Besides the mayo in shawarma, spoilt or undercooked meat can also give way to food borne illness.

Preparing shawarma involves slow-roasting meat slices stacked on a vertical spit and shaving off the cooked surface.

“Parts of the meat can remain undercooked,” says Hussain.

Besides, when the meat is stacked on the spit, there are chances of spoilage of the meat at the core, adds Hussain.

He recommends pre cooking the meat to kill the bacteria before the meat is stacked on the spit.
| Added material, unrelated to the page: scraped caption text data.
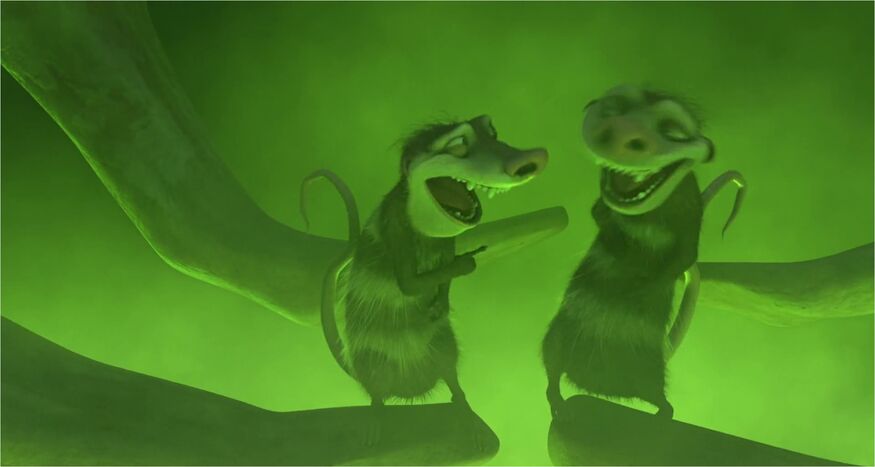 Ice Age: Dawn of the Dinosaurs  | Ranime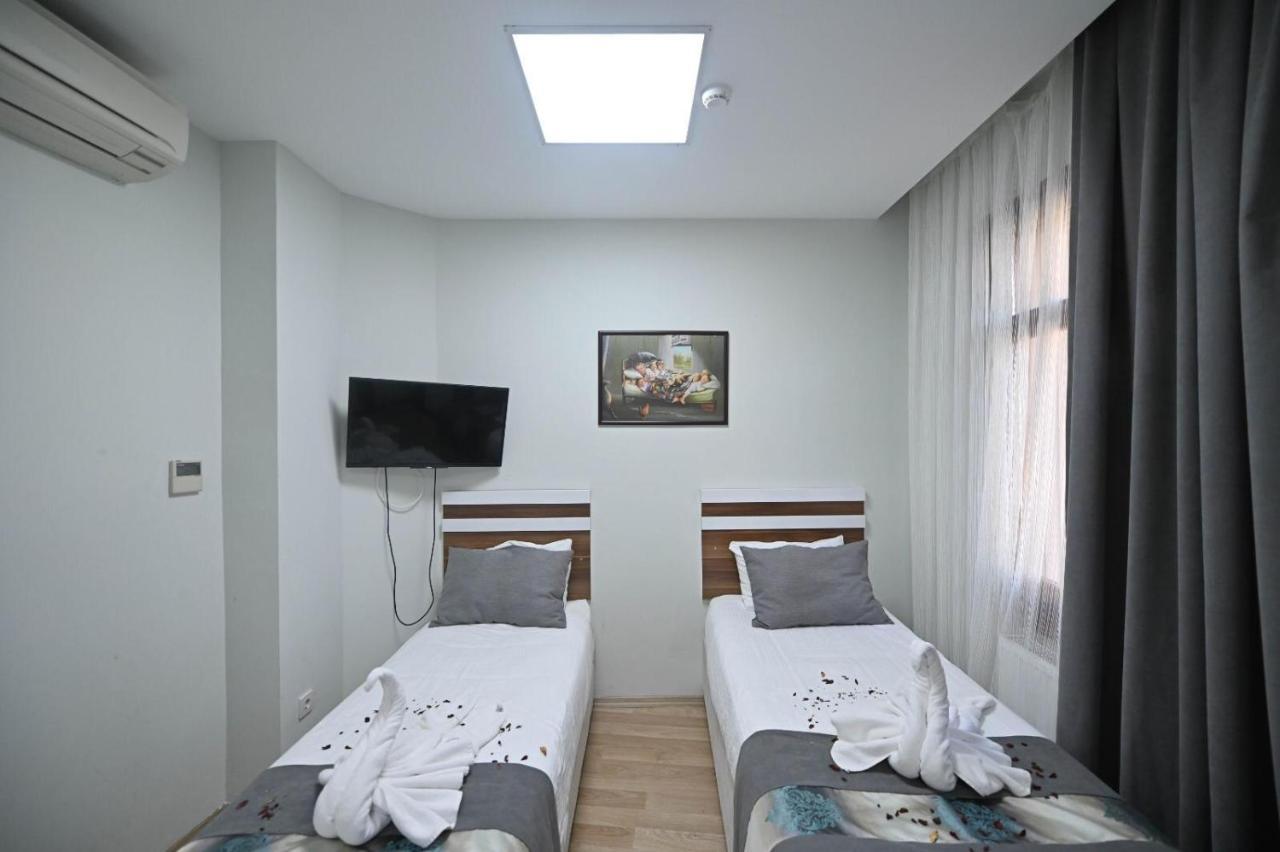 Safir Gold Hotel Istanbul Exterior foto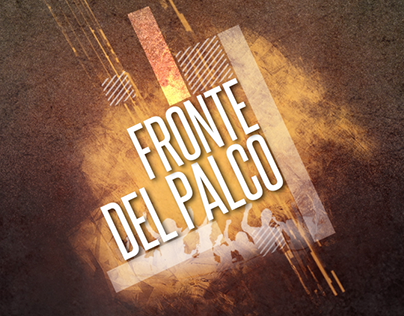Fronte del Palco - Logo Animation
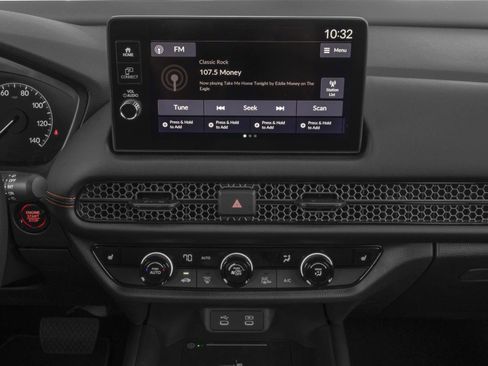 New 2027 Honda HR-V Sport image 7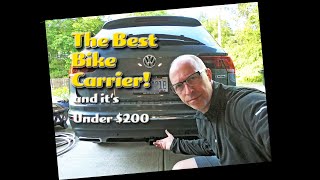 The Best Bike Rack at any price! Bonus, It's Under $200.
Hussain also stresses that meat needs to be refrigerated (at -5 degrees Celsius), and the exposure to room temperature should be minimal.

Takeaways

  • The raw eggs in locally made mayonnaise pose a risk of food poisoning.
  • Eggshells contain the bacteria salmonella which is responsible for food poisoning.
  • Refrigeration of mayo pauses bacterial multiplication, reducing chances of food borne illnesses.